しかし、動揺するのも無理はないという気持ちもある。なぜなら、目の前で側頭部を擦っている男は、出会うはずのない人物なのだ。
(……名前を聞くまでは、確定じゃないけど、この人って……やっぱり彼だよね。)
俺は、生理的な涙を浮かべている男に恐る恐る話しかける。
「あの、いきなり殴ってすみませんでした。……あなたは誰でしょうか?」
「……父親を忘れたのッ?!シシル・マニエラ……セラの父さんじゃないか!」
シシルと名乗る男は、またメソメソと泣き出した。俺はその姿を冷静に観察する。
(まじか……。やっぱりシシルなのか。)
俺はこの時、これが先程までプレイしていた乙女ゲーム『Love or Dead』の世界だと気づいた。

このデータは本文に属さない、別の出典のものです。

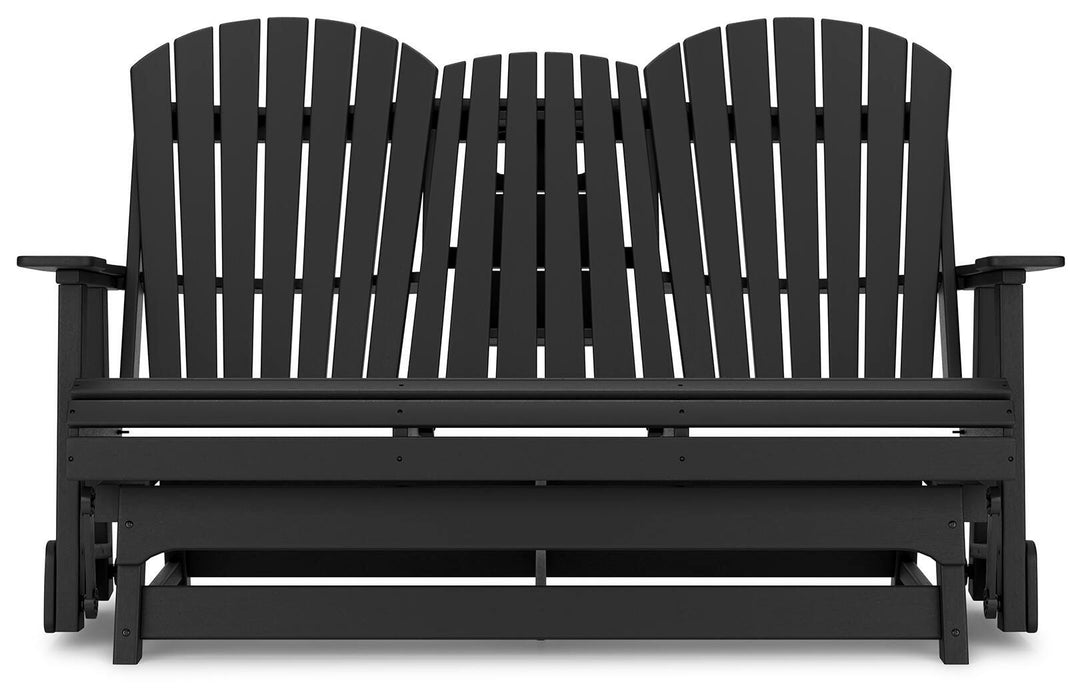 Hyland wave Outdoor Glider Loveseat - CasaBella Furniture (San Antonio, TX)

1人暮らしの大学生。そして春休みに入り時間が十分すぎる程にあった俺は、このゲームの存在を某有名動画投稿サイトで知った。動画のサムネイルには『バッドエンド不可避』『まさに愛か死!』と大きく書かれており、ゲーム実況者の中で徐々に人気を高めていった。
このゲーム、一見何の変哲もない乙女ゲームのパッケージだが、選択を1つ間違えるだけですぐにバッドエンドになる仕様になっている。
発売されるやいなや、難しすぎてクリアできないと話題になり、最近では一般女性でプレイしているのはわずかで、ゲーム実況者が面白企画としてプレイしていた。
そして、問題となっているバッドエンドだが、その内容があまりに残酷なのだ。
動画で見た限りでも、『北の孤島に置き去り』『公開処刑』など、本当に乙女の為に作られたのかと疑う作品となっている。
1つでも間違えれば地獄決定。コメント欄も「鬼畜すぎww」「誘い断っただけで斬首とかやばいだろww」と、かなり盛り上がっていた。
俺は、ネタで『Love or Dead』を買った友人にこれを借り、YouTubeで攻略を見ながら徹夜で進めていった。そして、このゲームの一番人気キャラクターである黒騎士様を攻略し、大ハッピーエンドを迎えたのだ。
(選択肢さえ間違えなければ、普通に良い話なんだよね。)
女性ならばキュンとくるであろうイベントも多数あり、俺は終わってからのエンドロールで幸せそうに微笑み合う2人にほっこりした。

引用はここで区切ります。